Courtesy by Mark Lipson
I was a freshman in college when a friend asked me one night if I was interested in seeing a documentary film. "The director will be there," he said. "A guy named Errol Morris."
The screening was in a lecture hall, but when the lights dimmed, I immediately felt transported to another world. An electric blue line shot through the screen during the title sequence, and I remember thinking, I have no idea what this blue line is all about, but I'm drawn to it. I spent the rest of the film in a state of hypnosis.
The first lines, like so much of the interview material in The Thin Blue Line, come so effortlessly. This is America, I remember thinking, but a new kind of America where every spoken syllable is important. A man in jail tells us, "In October, my brother and I left Ohio... We arrived in Dallas on a Thursday." Another inmate begins by saying, "I ran away from home." The pace is patient and deliberate. In this alternate universe, engaging one another's stories feels like a sacred act.
At 19, I had never considered a career as a documentary filmmaker. I had never thought about what made a documentary a documentary, but with The Thin Blue Line, I was beholding a beautiful piece of art, full of drama, justice and humanity. I wondered, Could I ever be a part of something like this?
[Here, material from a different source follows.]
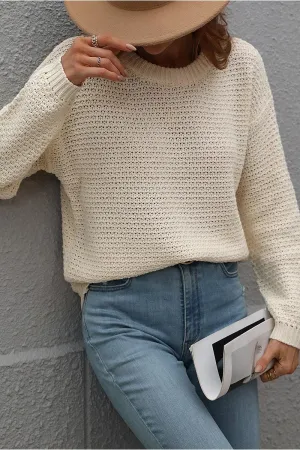 CREW NECK LONG SLEEVE BASIC SWEATER TOP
The Thin Blue Line is a study of truth. At one level, it is a collection of depositions, in life's cosmic courtroom, that serve as a giant "fuck you" to the Texas criminal justice system. During the Q&A that night, a student asked Morris how he felt about the death penalty. He responded that he never intended to make an anti-death penalty film, but that he found his subject, Randall Adams, by accident while researching a film focused on the court psychologist that assessed Adams' sanity. "However," Morris said, "if I was able to randomly uncover one innocent person on death row, I can't help but to think there might be a second one out there."
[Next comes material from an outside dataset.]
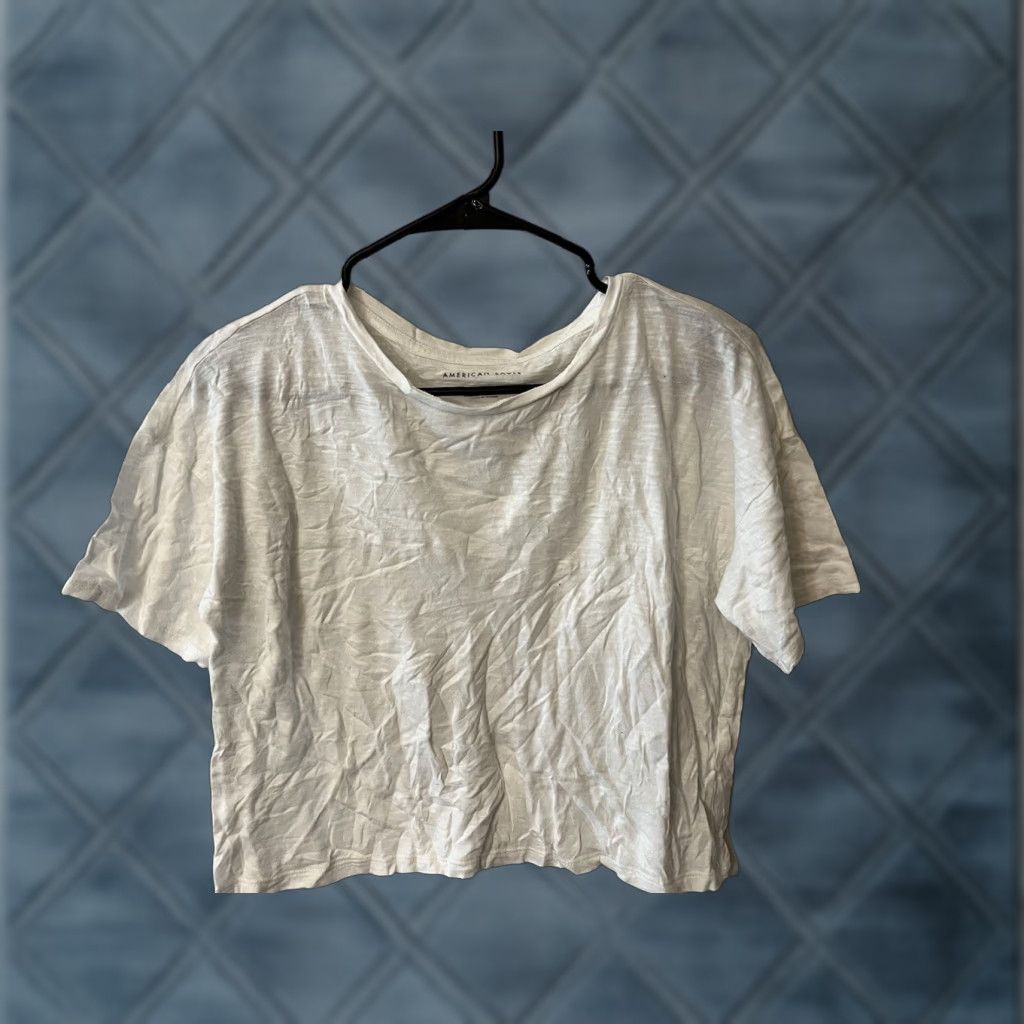 American Eagle Outfitters American Eagle Womens Crop T-Shirt Small White Short Sleeve Solid Casual 90s Rock Size S / US 4 / IT 40 - 1 Thumbnail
That response defines the relationship between documentaries and the potential activism around the issue that they approach. Morris is not so much an activist as he is an artist/storyteller unabashed by unimpeachable, first-hand knowledge about this particular subject matter.
On a deeper level, The Thin Blue Line is about a more nuanced sense of truth—a nonfiction version of Kurosawa's Rashomon, where the same event looks entirely different from each participant's point of view. The details in Morris's now-famous re-creations of the murder scene change depending on who is telling the story. The first time we see the incident, both police officers get out of their car. The next time, after we hear an investigator surmise the possibility that the victim's partner likely remained in the police cruiser during the shooting, we see a new version of events reflecting this reality. Each time the film presents the murder scene, Morris changes the details to reflect the POV of the character speaking; each character has his/her own version of the truth.
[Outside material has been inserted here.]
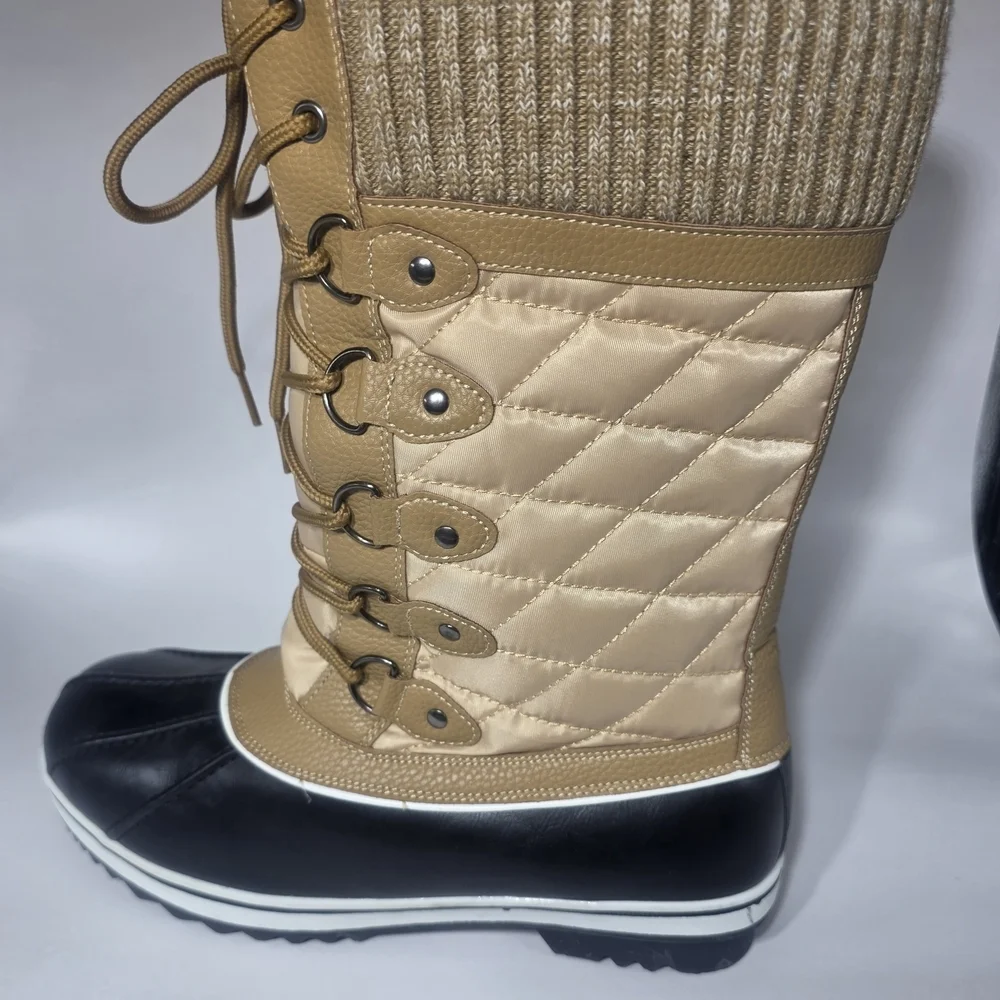 Women’s Winter Snow Boots Size 9 Tan Black Duck Boot 3M Thinsulate Waterproof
It's only when all of these points-of-view are considered together that a greater truth emerges: (1) Randall Adams was railroaded by lazy cops, deluded and drunk witnesses, and an impartial judge; (2) what people really want is to be understood, appreciated and taken care of. It is poignant that the real killer in the story, a victim himself of parental neglect, had been acting out for years, practically begging for attention and help from his community.
I was young and impressionable at the time, but I left the screening that night angry, moved and excited. I now know that there were great documentaries made before The Thin Blue Line, and certainly important ones that followed, but this is the film that showed me the incredible potential of what can happen when you allow real people to tell their story, and when you pay attention to the details.
Jon Shenk is a documentary filmmaker and cinematographer, and is the founder of Actual Films. His most recent work is the award-winning The Island President.